Milanese doc, Fabio Concato inizia la sua carriera nella seconda metà degli anni Settanta con un repertorio costellato di risonanze Jazz, accostato a testi intensi e introspettivi. Il successo arriva nel 1982 con “Domenica bestiale”, in gara al Festivalbar, che segna una decisa virata poetica e melodica rispetto agli esordi. Il cambio di rotta, consolidato negli album “Fabio Concato” (1984) e “Senza avvisare” (1986), introduce pezzi immortali come “Fiore di maggio” e “Guido piano”, che testimoniano il passaggio a sonorità smooth e testi dall’aura crepuscolare. Concato trova il suo posto nella scena d’autore italiana esplorando con libertà e senza cedere alle mode del mercato. Negli anni si distingue per progetti come “Blu” (1996), realizzato con Flavio Premoli della PFM, e “Ballando con Chet Baker” (2001), nei quali emerge con sempre maggiore centralità la sua attitudine al jazz latino. L’impegno sociale trova voce in “051222525”, brano dedicato ai diritti dell’infanzia, nella partecipazione allo Zecchino d’Oro, oltre che nelle musiche per l’audiolibro de “Il piccolo principe”. Il ritorno alla discografia tradizionale arriva nel 2016 con “Non smetto di ascoltarti”, in collaborazione con due jazzisti, il pianista anglo-italiano Julian Oliver Mazzariello e il trombettista Fabrizio Bosso, che unisce standard della musica italiana e proprie composizioni riarrangiate in chiave jazz. “Musico ambulante” è la summa di una carriera ultraquarantennale ricostruita per intero in acustico, un lavoro coerente con l’originalità e il valore della sua canzone d’autore, che nel 2022 gli sono valsi il Premio Tenco.
«Mi considero un “musico ambulante” – ha detto Fabio Concato – perché vado dove mi chiamano a fare musica.

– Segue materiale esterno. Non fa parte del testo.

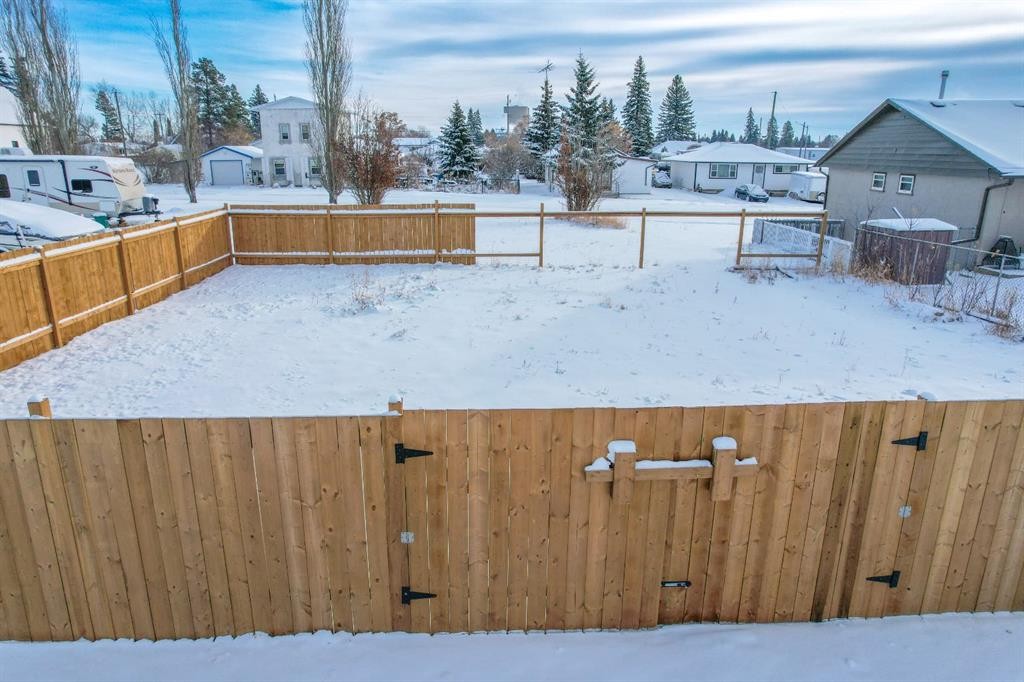 4916 49Th Street, Alix, AB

Vivo una fase molto bella della mia vita: nel pubblico esiste un desiderio smisurato di emozionarsi, di ritrovare serenità, ma anche di commuoversi e di ridere. Negli anni della pandemia avremmo avuto bisogno di musica, di teatro, di un museo, di vedere un buon film per avere ristoro, non solo in termini economici, anche spirituali. Spesso potrei lasciare un cartonato sul palco e andarmene perché buona parte del pubblico conosce tutte le canzoni a memoria. Ma devo dire che non mi stanco mai: il concerto è la parte più divertente di questa professione. Sul palco succedono cose che dipendono un po’ dalla giornata. Così magari penso a voce alta e, qualche volta, sparo delle minchiate pazzesche. Però, scherzi a parte, raccontarsi e raccontare può restituire idee e una luce diversa con cui leggere le cose del mondo».